Es ist inzwischen eher die Regel als Ausnahme, dass altgediente Fußballprofis – dekoriert mit den höchsten Titeln ihres Sports – zum Karriereende nochmal dahin wechseln, wo das große Geld lockt. Nach China, Japan, Katar oder in die USA – überall dorthin, wo jenseits der 30 Jahre noch Millionensummen auf die Altstars warten. Mit Saudi-Arabien ist nun aber ein neuer Player auf den Plan getreten, der diesen Zweitmarkt kräftig aufmischt. Mit noch größeren Summen, mit politischer Rückendeckung und absurden Klauseln.
Jüngstes Beispiel: Der Brasilianer Neymar. Neben einem üppigen Zweijahresvertrag über rund 160 Mio. Euro, erfüllt ihm sein neuer Klub Al-Hilal eine Reihe von Wünschen: darunter sieben Luxusautos, eine Villa mit mindestens 25 Zimmern und einen Privatjet, der jederzeit startklar ist. Und Neymar ist nicht der einzige Superstar, den es in diesem Jahr in die Wüsten-Liga zog. Unter anderem trifft er dort auf Größen wie Cristiano Ronaldo, Karim Benzema, Roberto Firmino und Sadio Mané – um nur einige Namen zu nennen.
Eine Promi-Liga für sich. Doch ist sie auch wettbewerbsfähig? Und gefährdet sie damit auch Europas Top-Ligen? Christoph Breuer von der Sporthochschule Köln gibt Antworten auf diese und weitere Fragen.
Das komplette Interview lesen Sie hier:
Capital: Herr Breuer, was passiert da gerade aus Ihrer Sicht in Saudi-Arabien?

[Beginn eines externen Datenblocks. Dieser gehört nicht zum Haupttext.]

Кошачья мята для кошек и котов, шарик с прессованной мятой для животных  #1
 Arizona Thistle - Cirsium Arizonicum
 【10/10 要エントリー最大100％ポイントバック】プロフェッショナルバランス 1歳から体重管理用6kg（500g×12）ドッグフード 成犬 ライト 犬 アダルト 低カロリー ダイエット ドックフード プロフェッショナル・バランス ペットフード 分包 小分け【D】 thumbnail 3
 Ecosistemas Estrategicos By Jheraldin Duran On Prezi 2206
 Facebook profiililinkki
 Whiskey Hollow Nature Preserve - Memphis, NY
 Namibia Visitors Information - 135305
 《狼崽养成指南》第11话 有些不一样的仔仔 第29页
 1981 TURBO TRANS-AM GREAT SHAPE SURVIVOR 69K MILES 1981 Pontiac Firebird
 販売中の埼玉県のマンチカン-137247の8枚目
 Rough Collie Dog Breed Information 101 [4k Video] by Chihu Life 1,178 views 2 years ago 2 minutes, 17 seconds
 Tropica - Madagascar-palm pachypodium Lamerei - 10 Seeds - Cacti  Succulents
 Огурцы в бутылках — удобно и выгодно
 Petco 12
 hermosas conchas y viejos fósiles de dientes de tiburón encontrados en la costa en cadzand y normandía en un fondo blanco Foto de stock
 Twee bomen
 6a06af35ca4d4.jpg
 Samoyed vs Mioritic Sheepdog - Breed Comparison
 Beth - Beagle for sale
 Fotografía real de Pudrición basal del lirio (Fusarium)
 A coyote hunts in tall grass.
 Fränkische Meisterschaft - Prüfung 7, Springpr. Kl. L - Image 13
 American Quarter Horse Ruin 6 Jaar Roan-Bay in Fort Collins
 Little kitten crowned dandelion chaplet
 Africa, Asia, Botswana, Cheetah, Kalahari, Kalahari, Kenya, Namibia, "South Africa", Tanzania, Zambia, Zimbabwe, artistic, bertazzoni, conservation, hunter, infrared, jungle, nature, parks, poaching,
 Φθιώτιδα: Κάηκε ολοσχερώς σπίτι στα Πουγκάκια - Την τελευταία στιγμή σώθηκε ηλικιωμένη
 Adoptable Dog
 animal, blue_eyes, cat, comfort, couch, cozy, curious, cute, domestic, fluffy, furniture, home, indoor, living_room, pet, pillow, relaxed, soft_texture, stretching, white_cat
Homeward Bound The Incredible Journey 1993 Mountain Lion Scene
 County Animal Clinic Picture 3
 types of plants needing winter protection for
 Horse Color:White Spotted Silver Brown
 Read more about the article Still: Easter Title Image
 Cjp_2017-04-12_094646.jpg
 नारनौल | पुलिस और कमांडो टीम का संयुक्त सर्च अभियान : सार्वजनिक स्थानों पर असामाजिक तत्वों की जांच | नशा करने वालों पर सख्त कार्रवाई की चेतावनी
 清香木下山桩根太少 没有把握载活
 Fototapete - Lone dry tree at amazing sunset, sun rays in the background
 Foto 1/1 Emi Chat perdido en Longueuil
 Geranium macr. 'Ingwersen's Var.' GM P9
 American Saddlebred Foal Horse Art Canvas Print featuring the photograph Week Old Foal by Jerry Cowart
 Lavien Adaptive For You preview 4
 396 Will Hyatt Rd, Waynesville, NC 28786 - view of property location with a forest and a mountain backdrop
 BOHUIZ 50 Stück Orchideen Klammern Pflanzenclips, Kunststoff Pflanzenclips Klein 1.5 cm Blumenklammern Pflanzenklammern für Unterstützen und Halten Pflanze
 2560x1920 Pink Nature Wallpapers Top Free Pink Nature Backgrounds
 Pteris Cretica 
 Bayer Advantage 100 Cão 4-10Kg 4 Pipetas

CHRISTOPH BREUER: Das saudische Königshaus hat vor einigen Jahren beschlossen, die Wirtschaft des Landes zu transformieren und seine Herrschaft abzusichern. Die Bevölkerung dort ist sehr jung und gleichzeitig kämpft das Land gegen die hohe Arbeitslosigkeit. Der Sport ist dabei ein Teil der Lösung – einerseits, um das Image des Landes aufzubessern und zum anderen, um die Wirtschaft unabhängiger vom Ölgeschäft zu machen. Das Königshaus betreibt klassische Appeasement-Politik: Sie gibt der jungen Bevölkerung etwas, in diesem Fall Sport und Unterhaltung, damit diese zufriedener ist und die Herrschaftsstrukturen nicht infrage stellt. Nur daraus erklärt sich, warum dermaßen hohe Geldbeträge in den Sport investiert werden.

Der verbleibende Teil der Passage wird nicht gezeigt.